Summary: Contrary to popular belief, developmental dyslexia is not caused by a structural dysfunction in the cerebral cortex, researchers report. A new study reveals developmental dyslexia is the result of a decrease in white matter connectivity between the mPT and MGB..
Source: TU Dresden.
Developmental dyslexia is one of the most widespread learning disabilities. Different therapeutic approaches and learning strategies are used to tackle the reading and writing difficulties associated with dyslexia, but to-date it is impossible to cure dyslexia. Furthermore, for many affected individuals it takes a long time until they receive a dyslexia diagnosis. Children with dyslexia have considerable problems at school and are under great emotional pressure both at school and in the family. Adults with dyslexia frequently feel ashamed of their weakness and try to hide it from their social and professional environment. But why do seemingly completely normally developed children and adults have such problems with reading and/or writing?
Many scientists think that the cause of dyslexia is a dysfunctional processing of auditory speech. However, even today, the reasons for these alterations in speech processing remain unknown. A long-standing assumption is that developmental dyslexia is caused by dysfunction of structures in the cerebral cortex.
Neuroscientist Prof. Katharina von Kriegstein from TU Dresden and an international team of experts now show in a recently published study that people with dyslexia have a weakly developed structure that is not located in the cerebral cortex, but at a subcortical processing stage; namely the white matter connectivity between the left auditory motion-sensitive planum temporale (mPT) and the left auditory thalamus (medial geniculate body. MGB).
For this study, the team headed by Prof. von Kriegstein analysed people with developmental dyslexia in comparison to people without dyslexia (control group) and conducted diagnostic tests and Magnetic Resonance Imaging (MRI) of the brain. Using special analysis techniques, the neuroscientists reconstructed the fibre structures between the mPT and the MGB. The results are the following: people with LRS have less fibre connectivity between mPT and MGB in the left hemisphere of the brain than people from the control group. The people in the control group, in contrast, showed very strong fibre connectivity between mPT and MGB, particularly those who performed extremely well in the reading test.

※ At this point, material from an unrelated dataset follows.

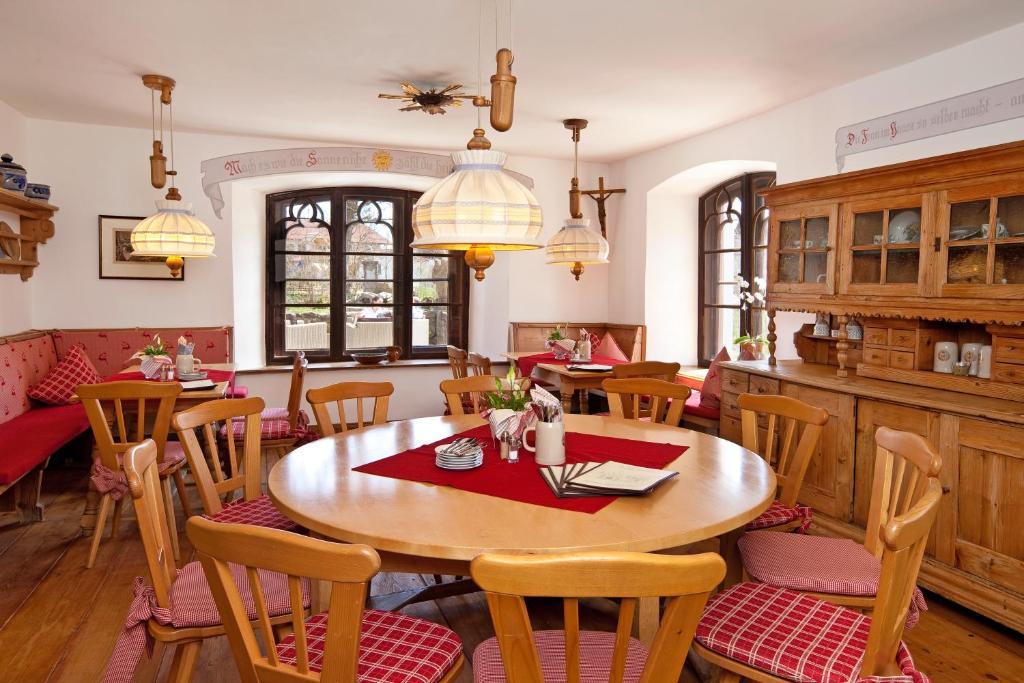 Schloss Zu Hopferau Extérieur photo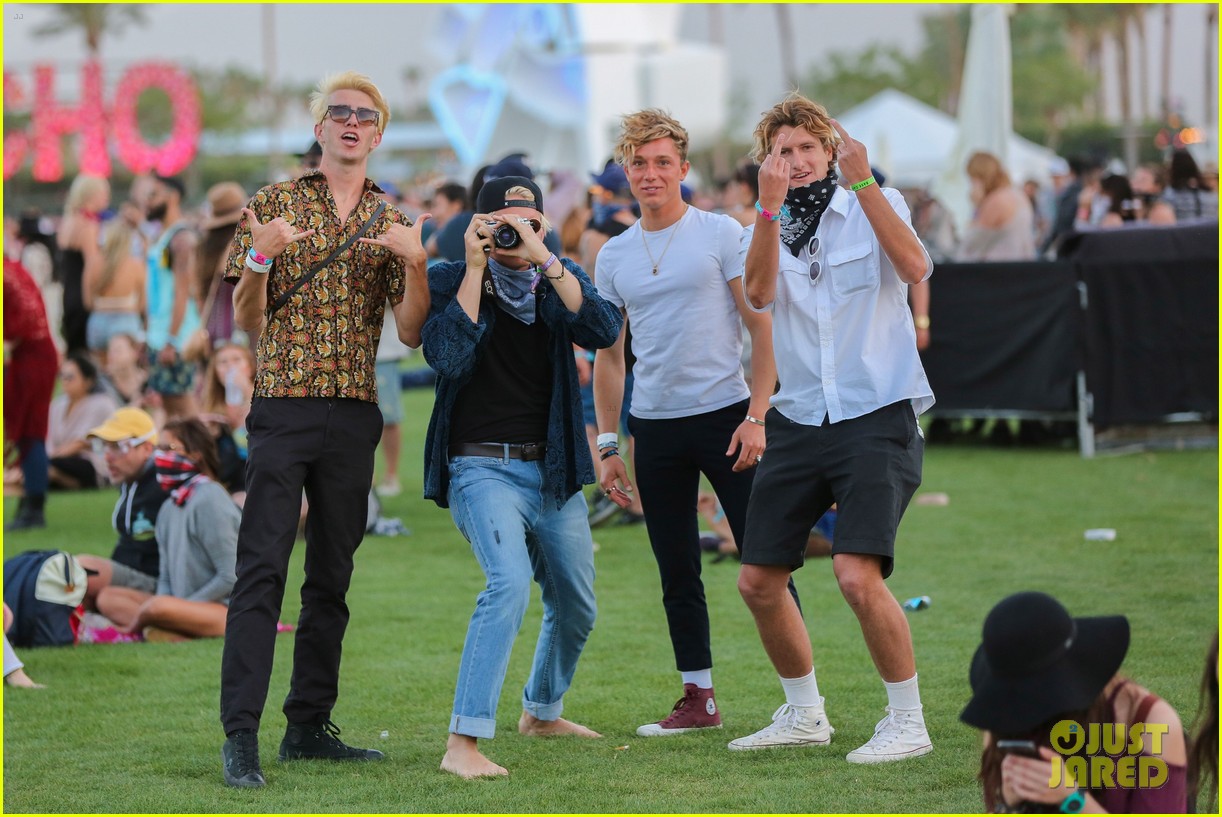 Cody Simpson Hangs With Gorgeous Girls at Coachella 2016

“Understanding the neural mechanisms of developmental dyslexia will be decisive for the development of early diagnostics and of targeted therapies. We expect our findings to initiate major novel research endeavours in the scientific community, because they show that brain structures that have thus far been insufficiently studied may be very relevant for explaining developmental dyslexia,” summarizes Prof. Katharina von Kriegstein on the success of her study.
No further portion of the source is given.